Em Noite e Dia, o tom de diário é a desculpa
preferida para uma narrativa que não precisa
se amarrar totalmente, que aliás lucra muito
em deixar alguns pontos sem nó e vários
personagens pelo caminho.
Se há uma novidade flagrante no cinema de Hong
Sang-Soo em Noite e Dia, é a utilização
do corpo de seu protagonista como objeto de comicidade.

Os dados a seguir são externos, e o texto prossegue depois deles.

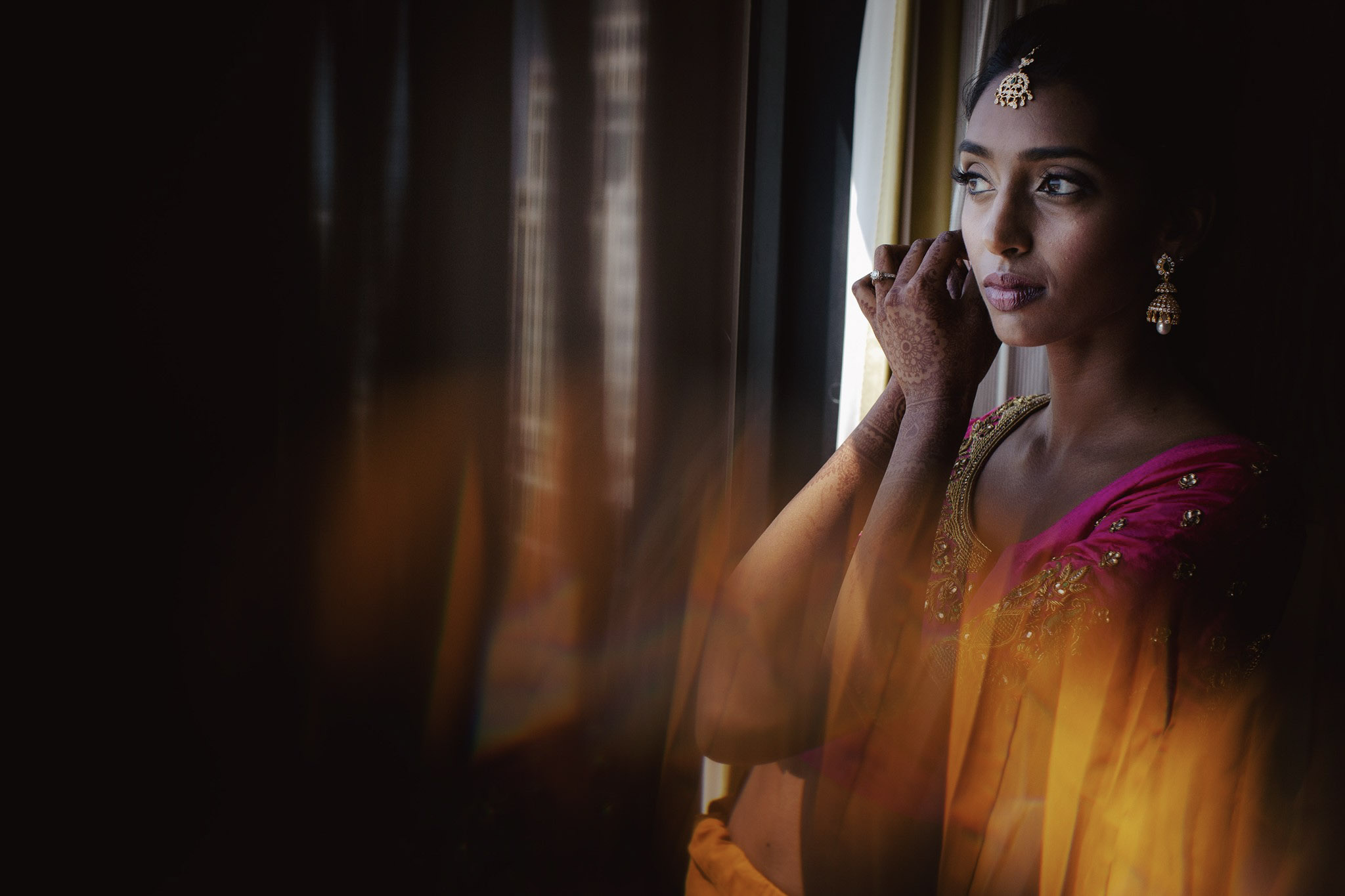 Mid angle shot of an Indian bride getting ready and wearing earrings in front of a window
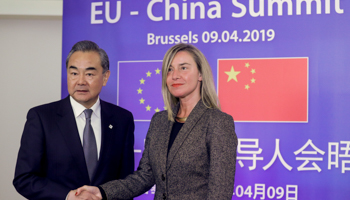 High Representative Federica Mogherini welcomes Chinese Foreign Minister Wang Yi to a meeting in Brussels, April 9 (Reuters/Olivier Hoslet)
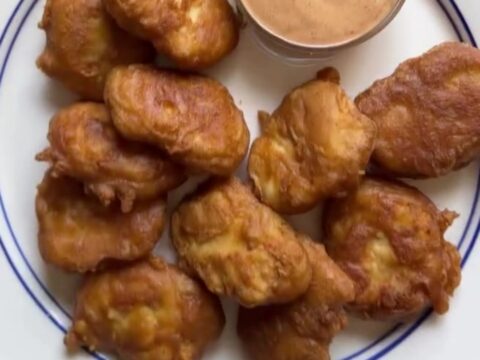 Golden crispy chicken nuggets piled on a plate with a bowl of tangy cane sauce for dipping.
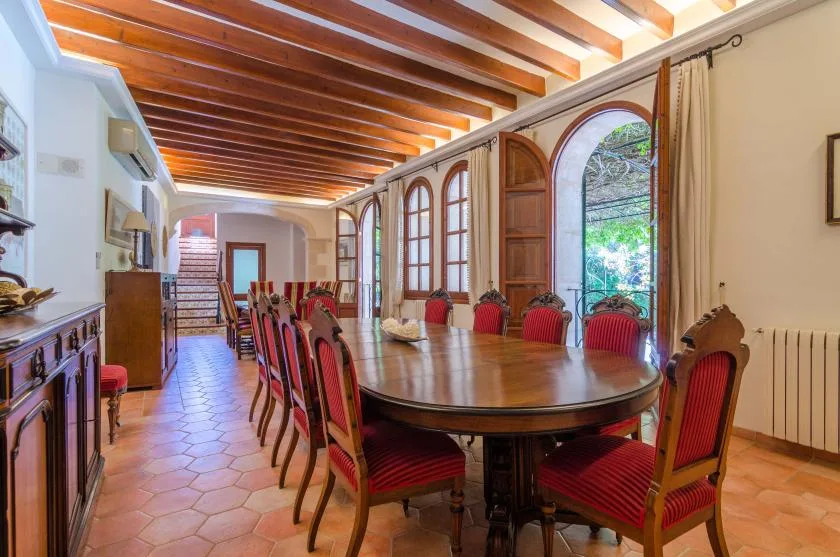 A dining room with a long table and red upholstered seating beneath exposed wooden ceiling beams.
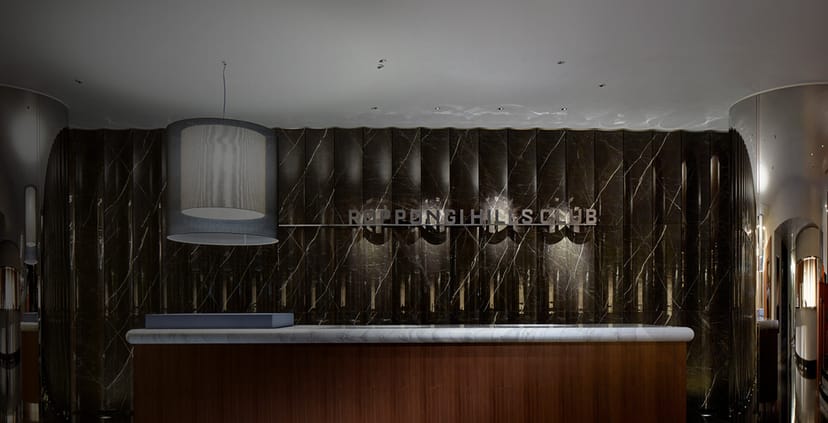 Marble reception desk in Roppongi Hills Club for corporate events and executive retreats.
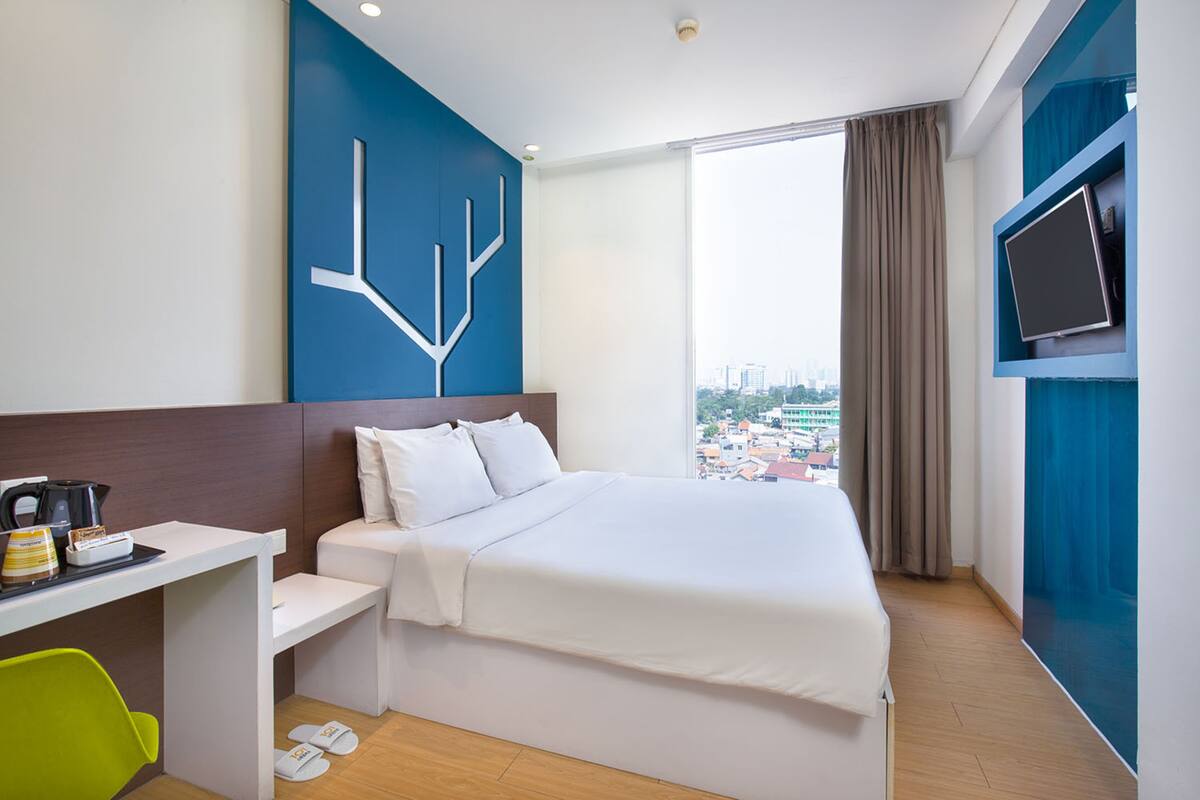 A hotel room with a bed, a desk with a coffee maker, a TV, and a window with a city view.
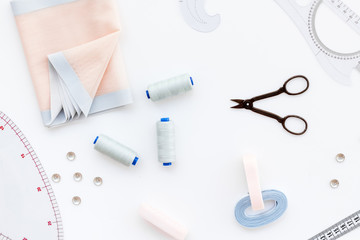 Hobby sewing with thread, scissors, fabric. Lifestyle. White background top view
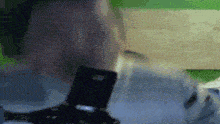 a blurry picture of a person holding a cell phone in their hand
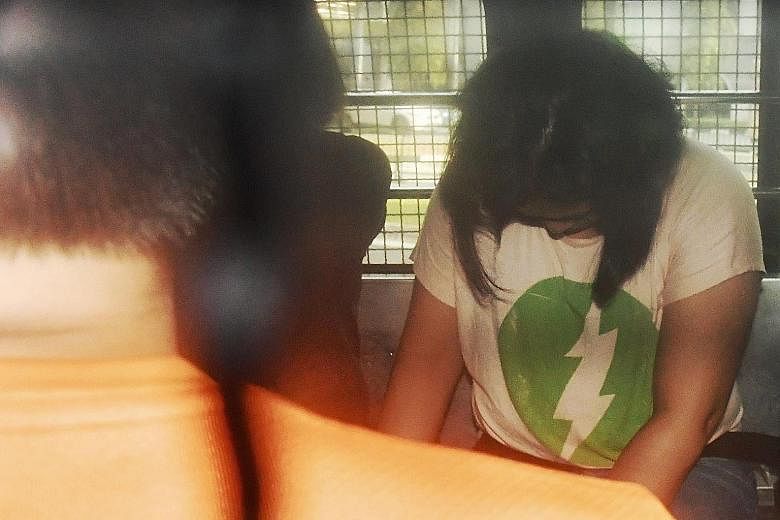One of the four shoplifters in a police van. She and three other Vietnamese stole more than 1,400 items from various Uniqlo stores.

O ator Kim Yeung-Ho representa um personagem que obviamente
é corpulento demais para suas incertezas, e de
reações lentas demais para os momentos
que vive. Essa pequena diferença já opera
algumas mudanças significativas, já que
sua vulnerabilidade às situações
com as mulheres não corresponde ao presumido
índice visual. O fato de que várias coisas
casuais se correspondem coincidências,
repetições torna ainda mais gritante
a dificuldade de correspondência entre os seres.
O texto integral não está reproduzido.